--- Data for this task ---

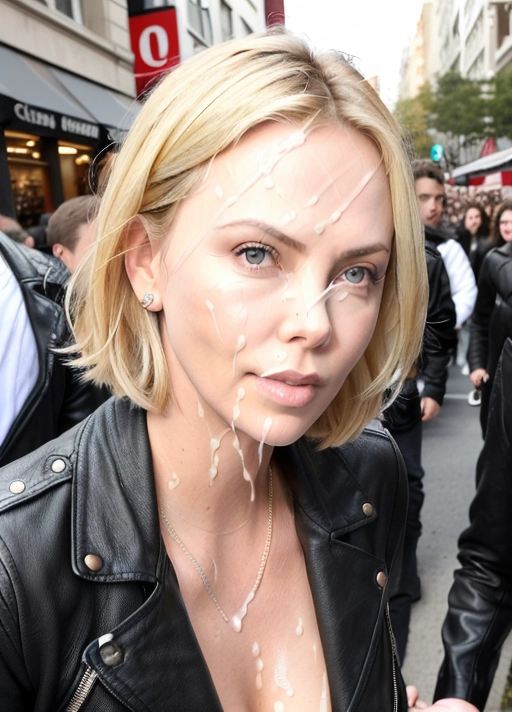 ( skinny slut Charlize Theron 30 years:1.42),
(accurate face, photorealistic face,perfect face,detailed face, beautiful eyes:1.45),
(facial, lot of cum on face, bukkake:1.7),
(wearing black leather jacket:1.2),
(on the crowded street, walking:1.2),(crowd:1.7),
dpmg_face_cum_v1,
<lora:bukkake:0.2>,
deviantart,
uncensored,
Photograph,
masterpiece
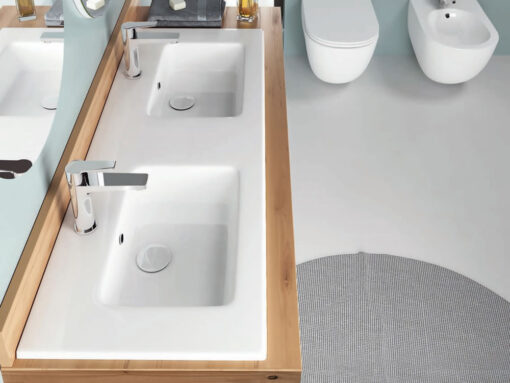 Επιτραπέζιος νιπτήρας μπάνιου από Υαλώδη πορσελάνη Flat 36120-300 121,6 x 46 cm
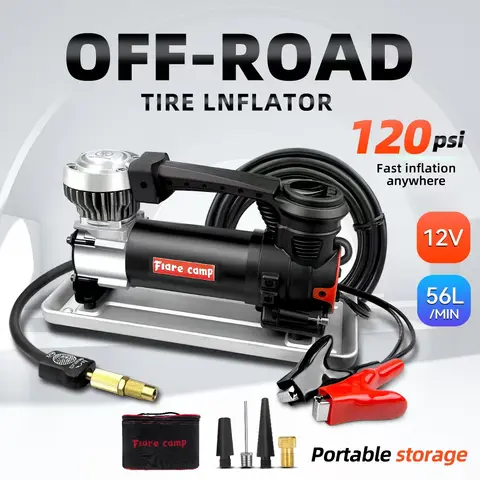 자동차, 트럭, SUV 및 RV 12V 헤비 듀티 펌프 120PSI, 악어 클립용 지능형 타이어 팽창기 휴대용 온/오프로드 공기 압축기 자동차, 트럭, SUV 및 RV 12V 헤비 듀티 펌프 120PSI, 악어 클립용 지능형 타이어 팽창기 휴대용 온/오프로드 공기 압축기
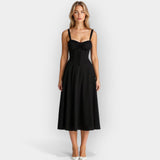 Gabriela | Rochie midi cu corset, siluetă feminină și structurată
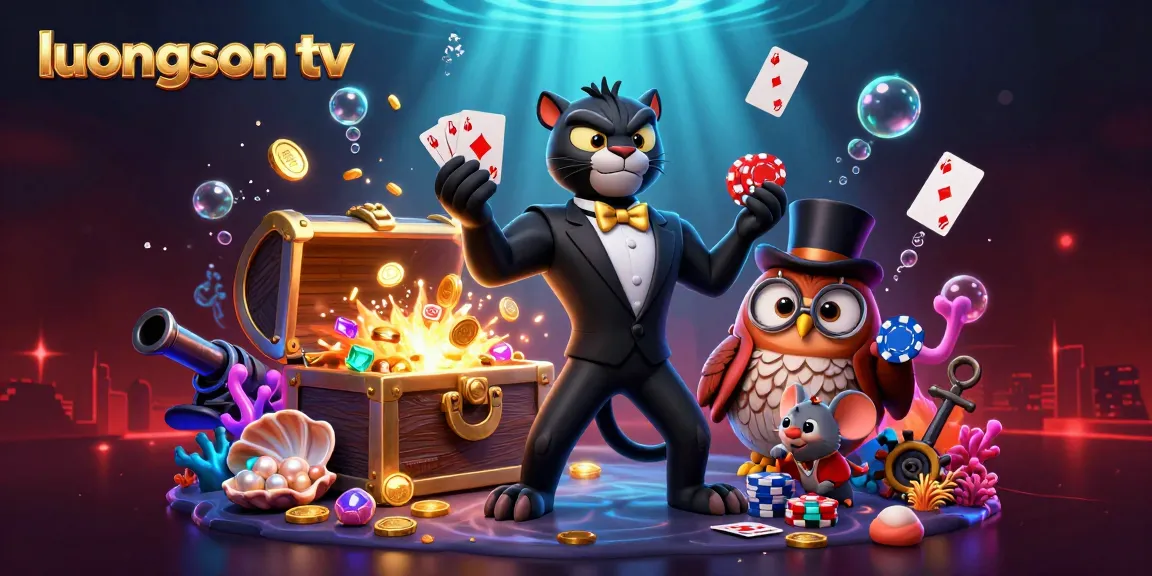 Engage with luongson tv's dynamic gambling scene featuring stylish cartoon characters and underwater treasures.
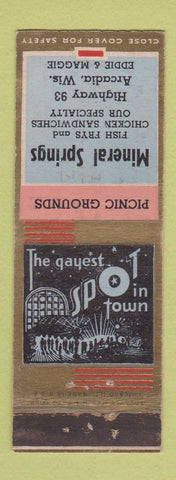 Matchbook Cover - Mineral Springs Arcadia WI ADVANCE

---

▶ **Requirement**:
The answer is every line in the data where the word "bukkake" appears.

▶ **Solution to this task**:
(facial, lot of cum on face, bukkake:1.7),
<lora:bukkake:0.2>,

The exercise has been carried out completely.